Pourquoi un tel empressement à critique DSK ? La réponse est simple. Les derniers sondages donnent vainqueur ce dernier avec près de 70% des voix lors d’un deuxième tour de l’élection présidentielle face à Nicolas Sarkozy. Même si évidemment un tel score ne sera jamais atteint, l’écart semble pour beaucoup déjà irrémédiable. Alors, si la droite veut rester au pouvoir, elle n’a plus qu’un seul espoir. Que Dominique Strauss-Kahn ne soit pas chois comme candidat lors des primaires socialistes.

Ceci explique les propos quelque peu surprenants de la part Christian Jacob et Pierre Lellouche. D’après eux, le plus grand défaut de DSK serait de ne pas être assez à gauche et de ne pas assez connaître la France profonde. Evidemment, on peut leur accorder qu’il n’a rien d’un paysan ou d’un prolétaire, mais transformer cet état de fait en argument politique est tout simplement pitoyable. Surtout venant de personnes dont le leader est Nicolas Sarkozy. Comme prolétaire et paysan, on fait également mieux. Rappelons simplement que quand notre Président était Maire de Neuilly, Dominique Strauss-Kahn était maire de Sarcelles. On ne peut même pas parler d’hôpital se moquant de la charité car un tel degré de mauvaise foi est indigne de membres du gouvernement.

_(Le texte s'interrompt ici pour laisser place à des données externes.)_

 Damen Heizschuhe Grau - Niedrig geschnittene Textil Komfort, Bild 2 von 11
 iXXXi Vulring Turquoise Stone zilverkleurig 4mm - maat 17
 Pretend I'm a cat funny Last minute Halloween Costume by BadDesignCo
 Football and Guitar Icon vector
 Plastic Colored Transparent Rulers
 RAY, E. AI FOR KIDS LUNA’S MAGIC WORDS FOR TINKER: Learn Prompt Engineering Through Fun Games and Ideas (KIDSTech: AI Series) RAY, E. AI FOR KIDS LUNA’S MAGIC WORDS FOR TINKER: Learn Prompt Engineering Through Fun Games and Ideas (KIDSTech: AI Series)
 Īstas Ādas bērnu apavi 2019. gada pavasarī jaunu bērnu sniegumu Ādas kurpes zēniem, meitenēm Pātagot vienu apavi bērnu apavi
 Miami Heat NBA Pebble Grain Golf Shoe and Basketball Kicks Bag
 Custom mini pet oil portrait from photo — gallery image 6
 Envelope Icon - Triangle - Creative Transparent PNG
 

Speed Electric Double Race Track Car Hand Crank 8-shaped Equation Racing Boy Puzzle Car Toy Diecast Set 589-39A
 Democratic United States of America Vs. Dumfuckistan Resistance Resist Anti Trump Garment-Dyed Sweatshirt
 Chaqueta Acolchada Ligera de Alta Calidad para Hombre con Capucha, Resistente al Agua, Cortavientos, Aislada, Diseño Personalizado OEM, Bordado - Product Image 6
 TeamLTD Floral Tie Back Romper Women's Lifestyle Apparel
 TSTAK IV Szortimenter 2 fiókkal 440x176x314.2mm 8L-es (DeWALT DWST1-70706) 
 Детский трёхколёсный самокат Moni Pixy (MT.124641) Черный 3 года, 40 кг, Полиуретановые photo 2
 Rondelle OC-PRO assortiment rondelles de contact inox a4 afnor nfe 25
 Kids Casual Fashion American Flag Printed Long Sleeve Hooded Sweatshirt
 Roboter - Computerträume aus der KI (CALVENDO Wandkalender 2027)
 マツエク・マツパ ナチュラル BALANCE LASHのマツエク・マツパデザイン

Christian Jacob et Pierre Lellouche ont sûrement voulu souligner les handicaps avec lequel DSK part dans la course à l’investiture socialiste, espérant ainsi qu’elle sera accordée à un autre candidat. Ils feraient mieux de s’occuper de leur ministère au lieu de se couvrir de ridicule et ont surtout, à mon avis, eu une démarche complètement contreproductive.

Ce n’est sûrement pas en critiquant DSK qu’ils l’éloigneront des cœurs des Français de gauche. Aujourd’hui, c’est être l’ami de Sarkozy plutôt que son ennemi qui représente un handicap. Alors, Dominique Strauss-Kahn pourra vraiment s’inquiéter quand ces guignols commenceront à en dire du bien.